A Guide to Hunting with the .458 SOCOM

Posted by on 7/28/2022
A Guide to Hunting with the .458 SOCOM

One of the more interesting rifle rounds to come along in the past 20 or so years has been the .458 SOCOM cartridge. Designed for use in the AR platform by swapping out the bolt and barrel in a typical upper receiver, the .458 SOCOM has also been chambered in a few dangerous game bolt-action rifles. It is increasingly becoming a popular and proven hunting caliber on larger game as well as dangerous game.

All you need to begin your .458 SOCOM rifle build is a good quality lower receiver and then a quality upper receiver chambered in .458 SOCOM from SBR, if you don’t want to buy another factory-built rifle. Then you need to take a look at its capability for hunting.

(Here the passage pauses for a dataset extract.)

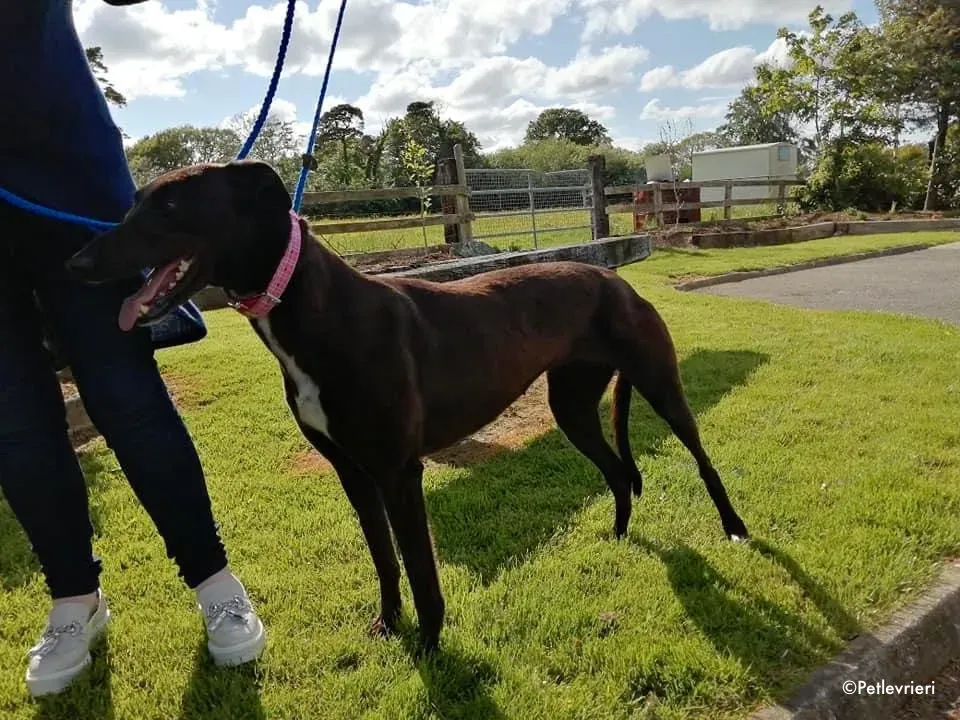 gem adozione levrieri greyhound 1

Why Choose the .458 SOCOM for Hunting?

There are so many options for the AR platform with regard to chamberings that it can be at times mind blowing. Yet, some purists of the platform balk at anything other than the standard 5.56 NATO or maybe 300 Blackout. This is extremely shortsighted and very limiting. Why not swap out an upper receiver for a different chambering for a larger game hunting round with much heavier bullets, flatter trajectory and possibly a true subsonic load to be used effectively in conjunction with a suppressor?

The .458 SOCOM cartridge was developed by Marty of Teppo Jutsu in 2000, with the first .458 SOCOM rifles debuting in 2001. These were all AR platform, specifically M4 carbines designed for combat and self-defense.

Ballistics of the .458 SOCOM are comparable to the 45-70 Government round which is definitely a much more proven round on larger game than the 5.56 NATO/223 Remington, which is essentially a mere varmint hunting round known for its lighter weight bullets and higher muzzle velocity. In addition to the larger bullet diameter, the .458 SOCOM cartridge is known for using a rebated rim in order to work with an AR platform’s bolt face, in this case a 6.5 Grendel.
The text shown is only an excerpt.